• _Assignment_:
Output only the lines below from the one holding "Plamier d'Areca" down to the one holding "Scenic view of", both end lines included and every picture dropped.

• _Excerpted records_:
------------------------------------------------------------------------

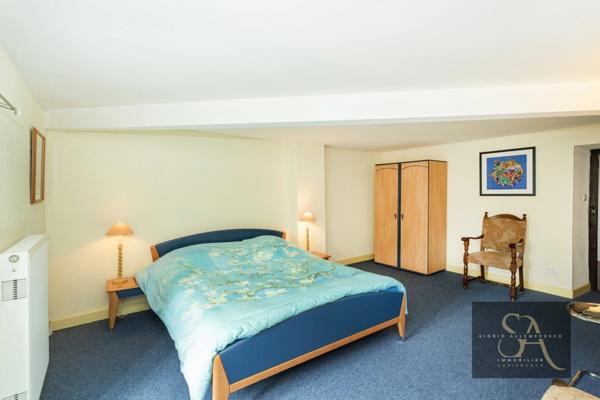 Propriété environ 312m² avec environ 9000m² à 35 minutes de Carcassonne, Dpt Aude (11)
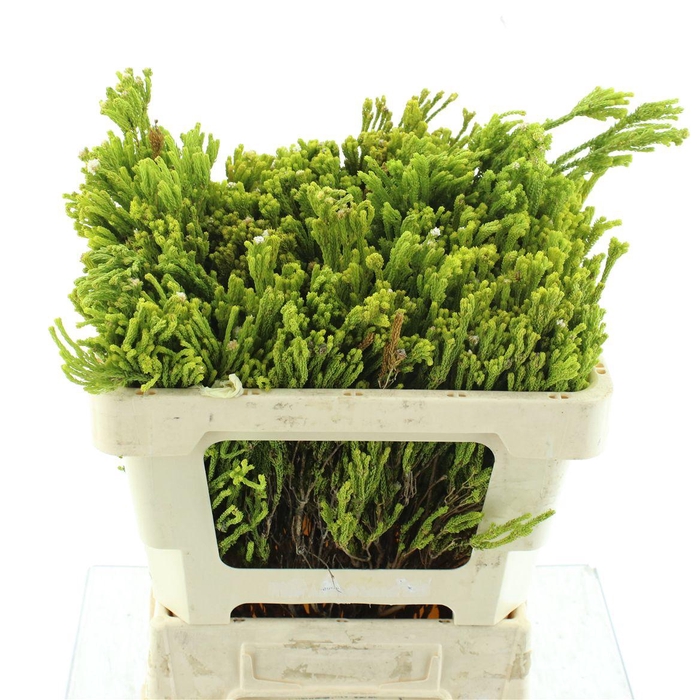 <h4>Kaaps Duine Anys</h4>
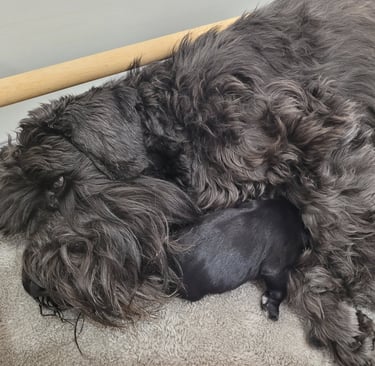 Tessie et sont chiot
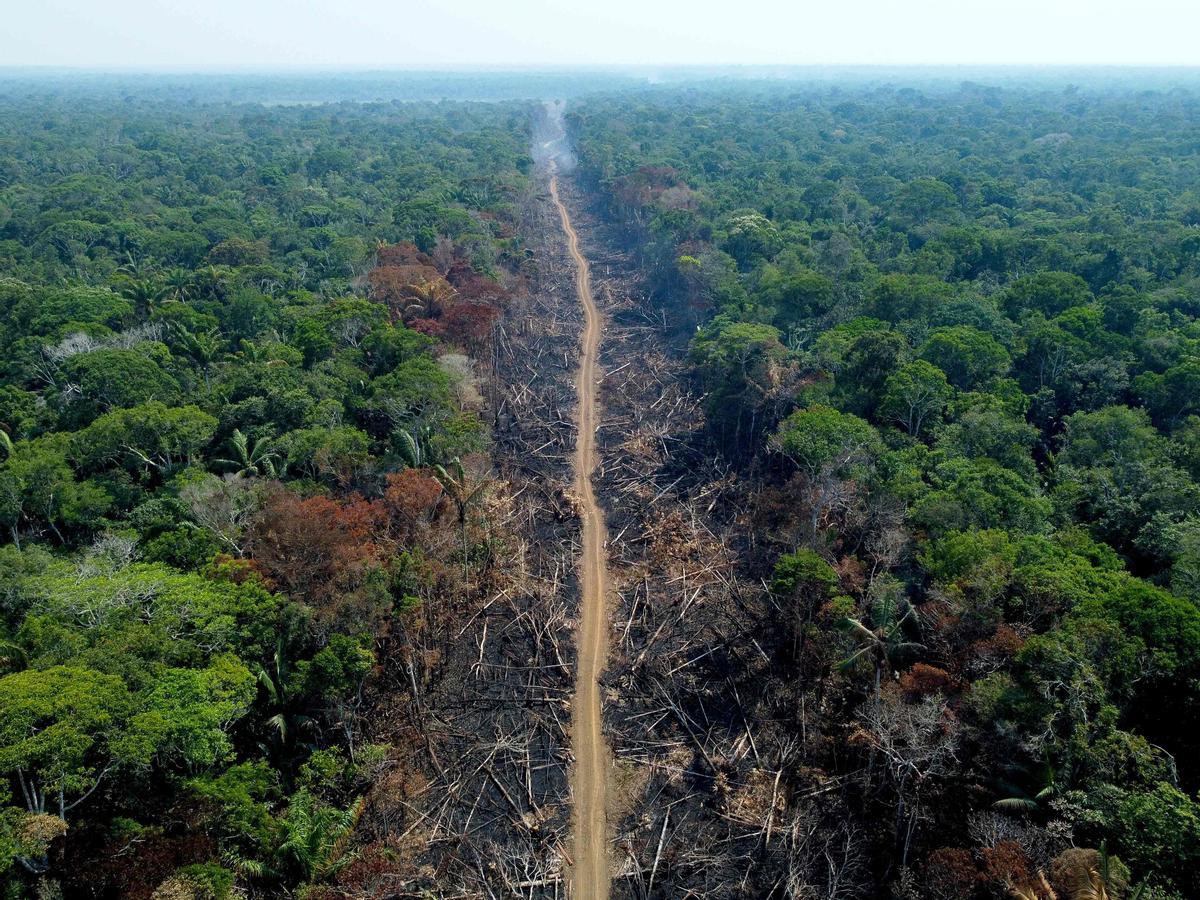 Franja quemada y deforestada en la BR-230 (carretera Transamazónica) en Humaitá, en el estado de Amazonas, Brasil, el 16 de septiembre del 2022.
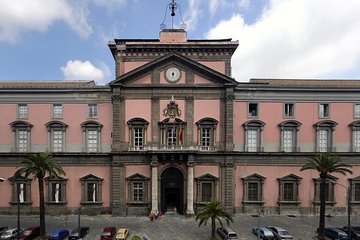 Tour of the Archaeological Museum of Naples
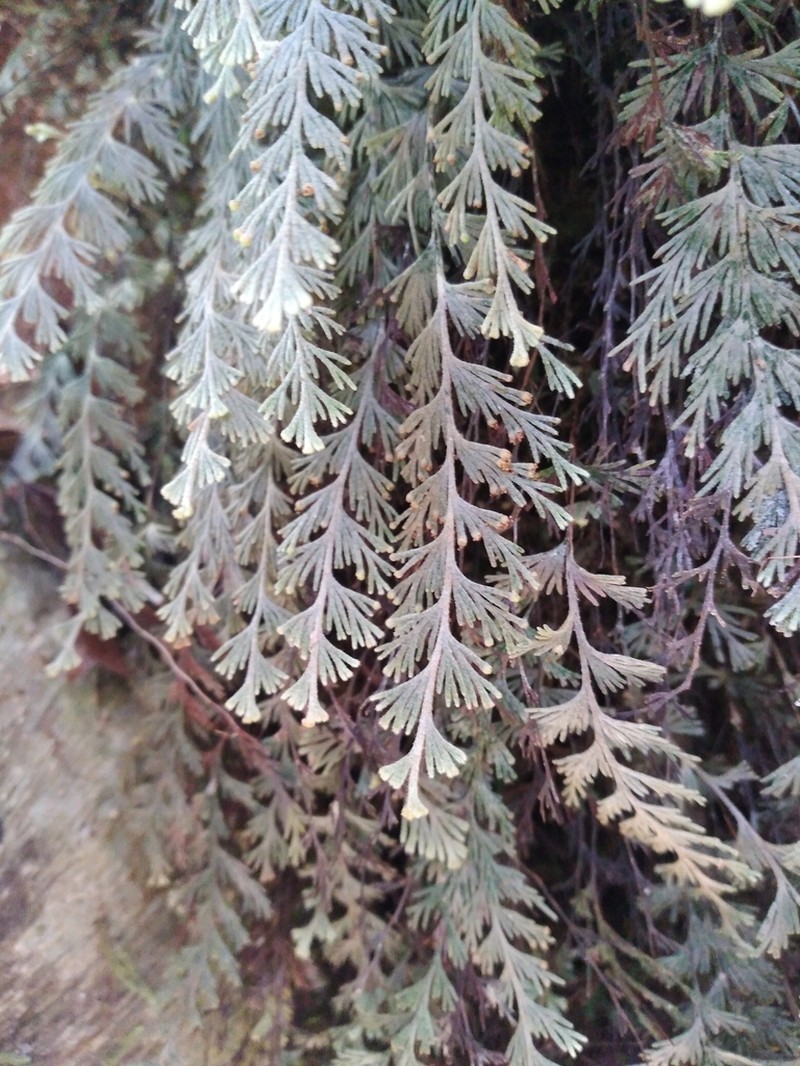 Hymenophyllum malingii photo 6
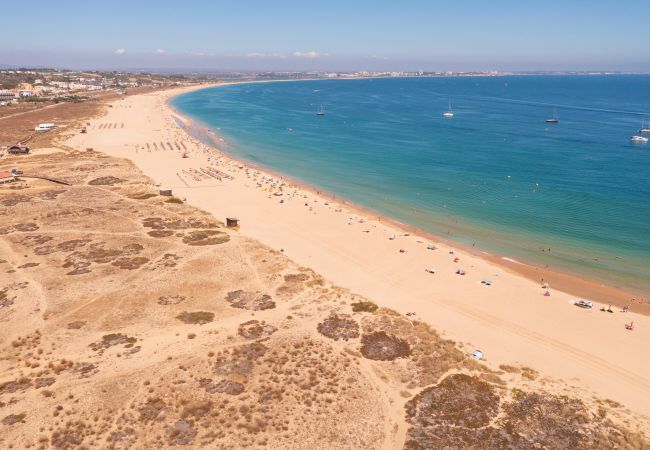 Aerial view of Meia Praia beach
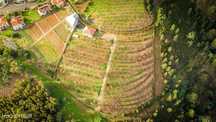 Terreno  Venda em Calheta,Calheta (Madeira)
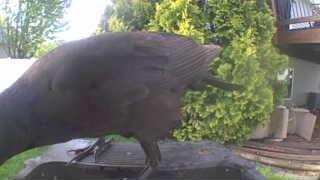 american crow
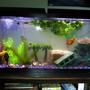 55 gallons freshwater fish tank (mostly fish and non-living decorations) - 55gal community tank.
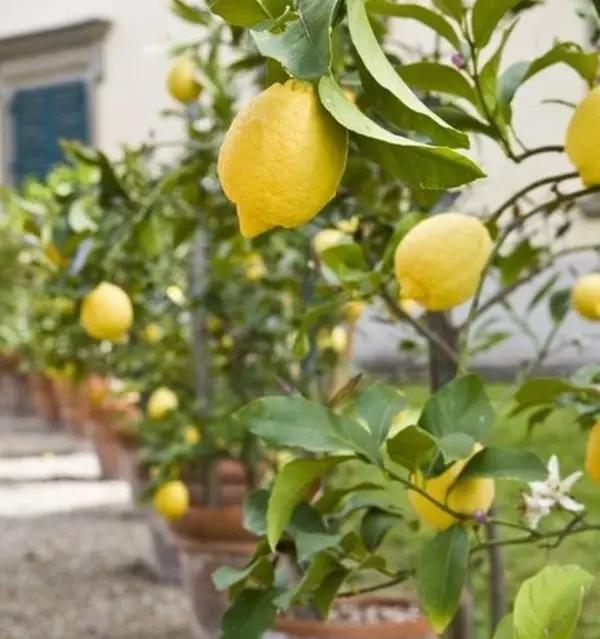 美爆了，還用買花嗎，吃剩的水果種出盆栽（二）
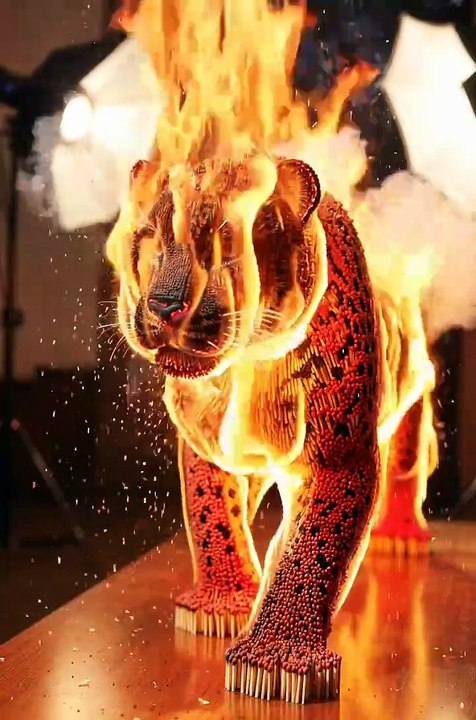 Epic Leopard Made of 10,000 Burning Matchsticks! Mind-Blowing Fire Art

------------------------------------------------------------------------

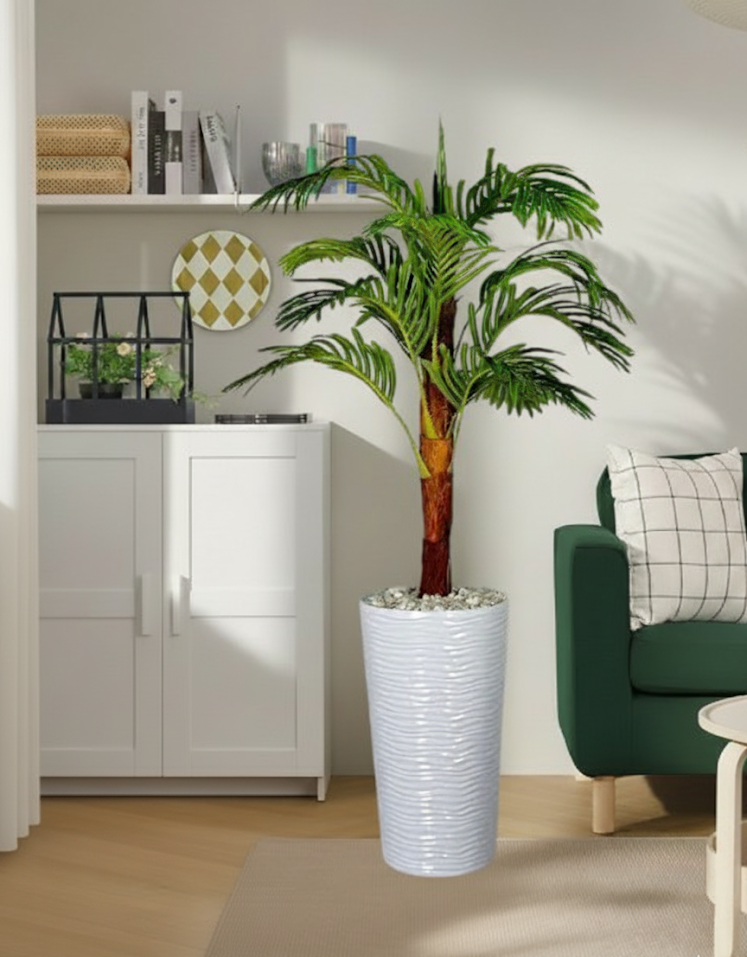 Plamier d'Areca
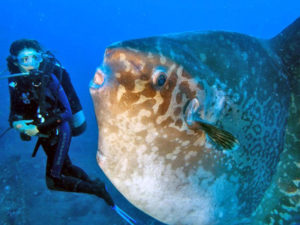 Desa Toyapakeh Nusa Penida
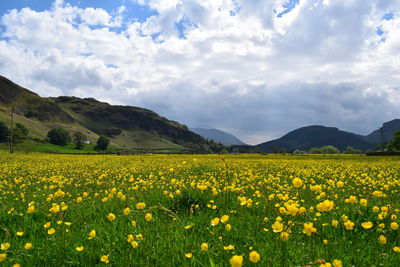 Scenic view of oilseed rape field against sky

------------------------------------------------------------------------

• _Written answer_:
 Plamier d'Areca
 Desa Toyapakeh Nusa Penida
 Scenic view of oilseed rape field against sky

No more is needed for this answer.